Invalkracht op school niet meer te vinden door flexwet
Duizenden leerlingen van basisscholen zijn het afgelopen jaar naar huis gestuurd, omdat er geen invaller te krijgen was toen hun juf of meester ziek was. Dat zeggen basisscholen in een onderzoek van de PO-Raad, de belangenorganisatie voor schoolbesturen. Belangrijkste oorzaak is volgens de scholen de Wet werk en zekerheid (WWZ), waardoor ze invalkrachten nog maar een paar keer mogen vragen, voordat ze hun een vaste baan moeten aanbieden.
Bijna alle scholen die meededen aan het onderzoek, zeggen dat het steeds moeilijker wordt een invalkracht in te schakelen. Een kwart van die scholen heeft ten minste één keer een klas naar huis gestuurd. Meer dan de helft heeft klassen gedwongen samengevoegd.
Aan de enquête deden bijna 500 schoolbesturen mee, die tezamen 4500 scholen hebben, met in totaal ongeveer een miljoen leerlingen.
'Rampenwet'
Door de Wet werk en zekerheid moeten scholen leerkrachten na zes tijdelijke contracten in drie jaar een vast contract aanbieden. Zelfs een invalbeurt van een dagdeel geldt al als een tijdelijk contract. De nieuwe flexwet is bedoeld om mensen sneller aan een vaste baan te helpen. Maar scholen zeggen dat ze geen geld hebben voor meer vaste contracten. Ze huren daarom geen invallers meer in die aan de grens van het toegestane aantal tijdelijke contracten zitten.
Daar komt bij dat er in de helft van de regio's een lerarentekort is, waardoor ook nieuwe invallers moeilijk te vinden zijn. Invallers op hun beurt staan niet te springen om kortdurend in te vallen, omdat ze daarmee een contractbeurt verspelen. Ze willen alleen voor langere periodes komen werken.
De schoolbesturen zijn ook in de vrije antwoorden van de enquête negatief over de WWZ. "Een rampenwet", zo noemt een schoolbestuur de wet. Een ander bestuur spreekt van "een bureaucratische maatregel die zijn doel geheel voorbij schiet." Schoolbesturen melden dat de werkdruk toeneemt doordat het meer tijd kost vervanging te zoeken. Ook staan leerkrachten vaker voor samengevoegde klassen. Een deel van de scholen zegt dat kwaliteit van de lessen hierdoor onder druk staat.
Beter benutten?
De PO-Raad benadrukt dat scholen zich al maximaal hebben georganiseerd om de gevolgen van de wet op te vangen.
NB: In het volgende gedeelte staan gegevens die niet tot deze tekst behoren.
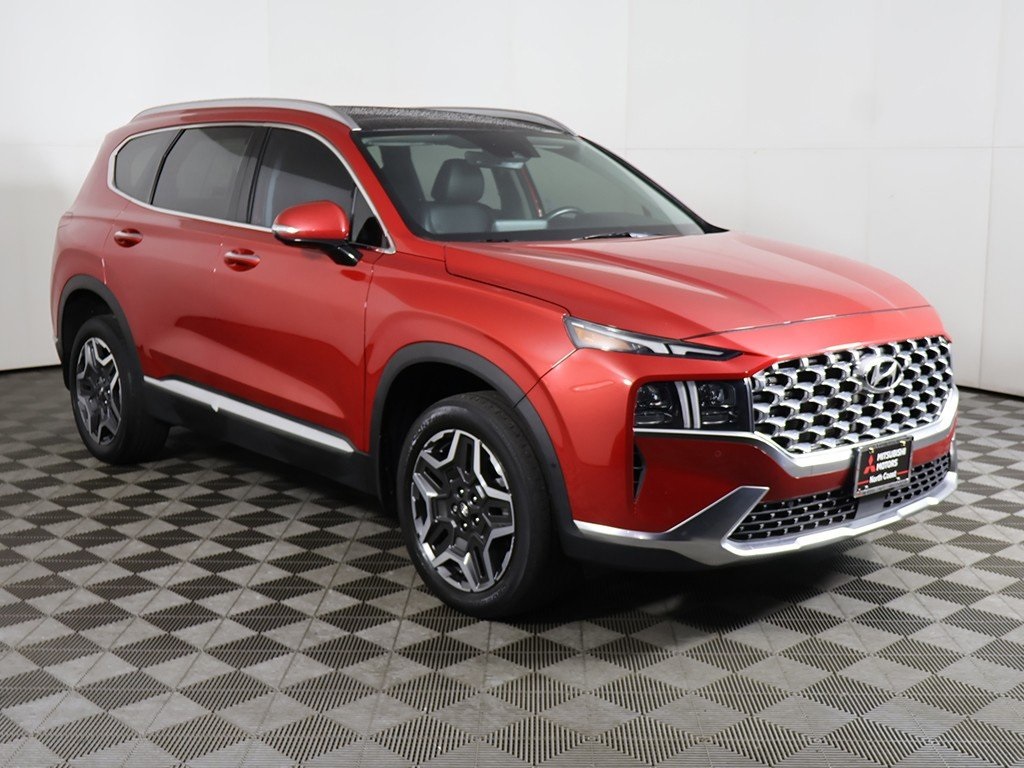 2022 Hyundai Santa Fe Limited photo 2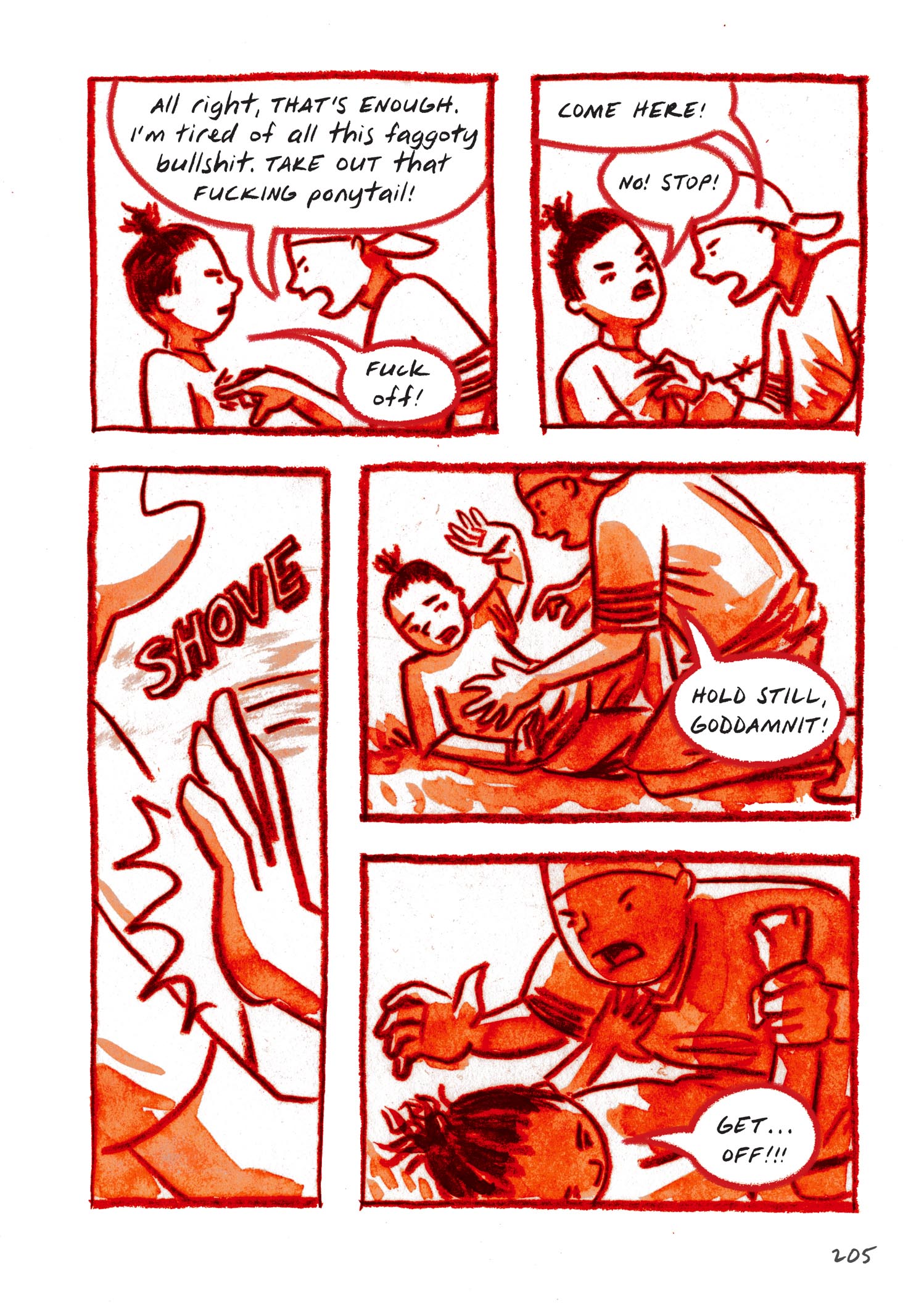 Read online Flamer comic -  Issue # TPB (Part 3) - 3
Zo doen veruit de meeste scholen mee aan regionale invalpools. "Maar ook die raken sneller leeg dan verwacht," zegt Rinda den Besten van de PO-Raad. De raad wil dat minister Asscher een uitzondering maakt voor het onderwijs bij het maximum van tijdelijke contracten. "Dat hebben ze voor profvoetballers ook gedaan. Dan kan het helemaal voor een zaak van algemeen belang zoals het onderwijs."
De Algemene Onderwijsbond (AOb) steunt de roep om een uitzondering voor onderwijs niet. "Werkgevers hebben meer mogelijkheden dan invalpoules om voldoende invalkrachten te regelen. Bijvoorbeeld door andere contractvormen te geven. Ze laten kansen om jonge docenten contracten te geven, liggen. Terwijl we er juist voor moeten zorgen dat we deze mensen voor het onderwijs behouden. De vergrijzing zorgt straks ook in het basisonderwijs voor flinke tekorten."
Minister Asscher lijkt het met de AOb eens; hij heeft Jacques Tichelaar als verkenner aangesteld die scholen helpt alle mogelijkheden die er bestaan binnen de wet, beter te benutten. Zolang de PO-Raad en de AOb niet op één lijn zitten en gezamenlijk om een uitzondering voor onderwijscontracten vragen, kan ik niets doen, voegt Asscher daaraan toe.